このように記すとその時代に生きていたようですが、僕は生まれていません。母がその頃の話をよくするので、どうも懐かしいと感じてしまいます。
1969年、ビートルズはアルバム「Abbey Road」を発表しました。日本でも売れ、母も購入するかどうか迷ったらしい。
結局、やめたそうな。
母はすでにローリング・ストーンズに興味が移り、“Jumpin’ Jack Flash”などを聴いていたため、「Abbey Road」にそこまで関心を抱けなかったとか(何年か前にビートルズの“Can’t By Me Love”や“Yesterday”に夢中だったらしいのですが)。
ただ、「Abbey Road」の“Something”(ジョージ・ハリスン作)は気に入ったらしく、ラジオでかかるのを心待ちにしていたそうです。当時はyou tubeもi-podもないため、ヒット・チューンを聴くにはラジオの前で待ち続ける時代でした。

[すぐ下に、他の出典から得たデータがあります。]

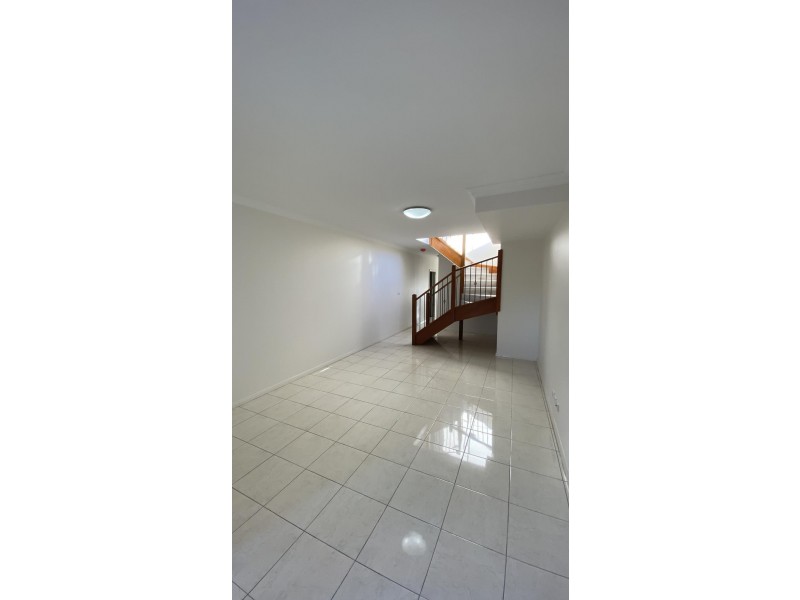 1/313b Polding Street, Smithfield NSW 2164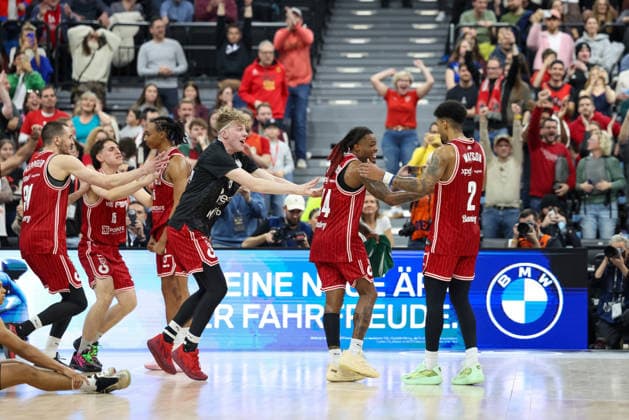The Bamberg Baskets players celebrate the cup victory after the final whistle, GER, BMA365 Bamberg Baskets vs Alba Berlin, Basketball, BBL Pokal, BMW TOP FOUR, Final, Season 2025 2026, 22 02 2026, GER, BMA365 Bamberg Baskets vs Alba Berlin, Basketball, BBL Pokal, BMW TOP FOUR, Final, Season 2025 2026, 22 02 2026 Muenchen Copyright: xEibner-Pressefoto JennixMaulx EP_JML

極東の日本人女性に飽きられかけたビートルズは、そのころトゥイッケナムというスタジオで寒々しいリハーサルを繰り返していました。1969年1月頃です。
リーダーのジョンはビートルズに興味を失い、メンバー間も不仲に陥ってしまう。彼らをまとめ、良き方向へ導くマネージャーもすでにこの世に居ませんでした。
その他にも色々な要因が重なり、互いの短所を指摘しあって不仲を深める悪循環にハマった彼らは、実質上この年で解散します(正式発表は1970年)。
ビートルズにとって1969年は終焉の年でしたが、1月はまだ一緒にスタジオで演奏していました。演奏の大部分はレコード化されず、ひっそりと闇へ葬り去られましたが、一部をブートレグで聴くことができます。
以前、トゥイッケナムのリハーサル音源を母と聴いたことがありました。母は、「ビートルズはいいわね」と感想を洩らしたのを今でも覚えています。それまでは「あの頃はストーンズが光っていた」と言っていたのですが…。
トゥイッケナムのリハーサルの中でも、母は“I’ve Got A Feeling”がお気に入りです。いわく、「ストーンズよりハードじゃない? こういう曲をたくさん出してくれたら好きだったのに」。
なるほど。
しかし、ビートルズはハードな“I've Got A Feeling”を発表しないまま解散してしまいました。彼らはそういう気分ではなかったのでしょう。
それから約40年後、2009年の母は1969年1月の演奏ヴァージョン(トゥイッケナムのリハーサル版)を折々聴いているそうです。